Abstract

During the 2002 seismic sequence in Molise (Italy), the town of Bonefro suffered moderate damage (IMCS = VII) except for two reinforced concrete (RC) buildings. These buildings are located on soft sediments, close to each other and very similar in design and construction. The main difference is the height: the most damaged one (European Macroseismic Scale damage 4) has four stories, whereas the less damaged (EMS damage 2) has three stories. The M 5.4 shock on 31 October damaged both of them. The second shock on 1 November (M 5.3) increased the damage on the four-story building substantially, just while a 5-min. seismic recording was taken.
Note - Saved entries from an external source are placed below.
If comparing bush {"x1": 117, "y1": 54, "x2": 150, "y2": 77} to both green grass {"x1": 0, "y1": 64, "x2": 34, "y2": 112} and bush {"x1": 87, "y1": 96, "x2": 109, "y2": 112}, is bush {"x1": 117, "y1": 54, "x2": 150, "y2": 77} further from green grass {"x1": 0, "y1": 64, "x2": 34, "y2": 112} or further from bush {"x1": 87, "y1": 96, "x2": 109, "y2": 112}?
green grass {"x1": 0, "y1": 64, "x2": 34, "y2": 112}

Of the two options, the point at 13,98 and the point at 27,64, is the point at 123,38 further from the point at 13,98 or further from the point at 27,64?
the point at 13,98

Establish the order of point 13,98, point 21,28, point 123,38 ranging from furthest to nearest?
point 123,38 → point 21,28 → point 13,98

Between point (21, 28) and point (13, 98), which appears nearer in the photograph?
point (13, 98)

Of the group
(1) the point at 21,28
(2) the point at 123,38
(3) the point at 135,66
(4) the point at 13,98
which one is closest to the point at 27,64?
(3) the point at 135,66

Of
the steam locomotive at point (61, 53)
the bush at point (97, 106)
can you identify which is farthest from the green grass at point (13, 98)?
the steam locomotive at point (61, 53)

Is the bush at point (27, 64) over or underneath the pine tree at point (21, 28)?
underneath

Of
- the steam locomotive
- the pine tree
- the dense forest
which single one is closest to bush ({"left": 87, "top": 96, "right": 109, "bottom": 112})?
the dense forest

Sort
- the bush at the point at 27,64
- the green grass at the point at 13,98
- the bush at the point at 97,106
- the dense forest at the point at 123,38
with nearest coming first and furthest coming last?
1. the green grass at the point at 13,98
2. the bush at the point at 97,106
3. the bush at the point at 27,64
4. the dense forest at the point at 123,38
We analyzed the recorded data by four different techniques: short-time fourier transform (STFT), wavelet transform (WT), horizontal-to vertical spectral ratio (HVSR), and horizontal-to-vertical moving window ratio (HVMWR). All the results agree upon the estimate of the main building frequency before the second shock and upon the shift of frequency due to damage. All the fundamental frequencies (pre-, during, and postdamage) are in the range 2.5-1.25 Hz. The fundamental frequency of the less damaged building was estimated at about 4 Hz.

To test if the soil-building resonance effect could have increased the damage, we also evaluated the soil fundamental frequency by three different techniques: noise HVSR, strong motion HVSR of seven aftershocks, and 1D modeling based on a velocity profile derived from noise analysis of surface waves (NASW) measurements. The results are again in good agreement, showing that resonance frequencies of the soil and of the more damaged building are very close.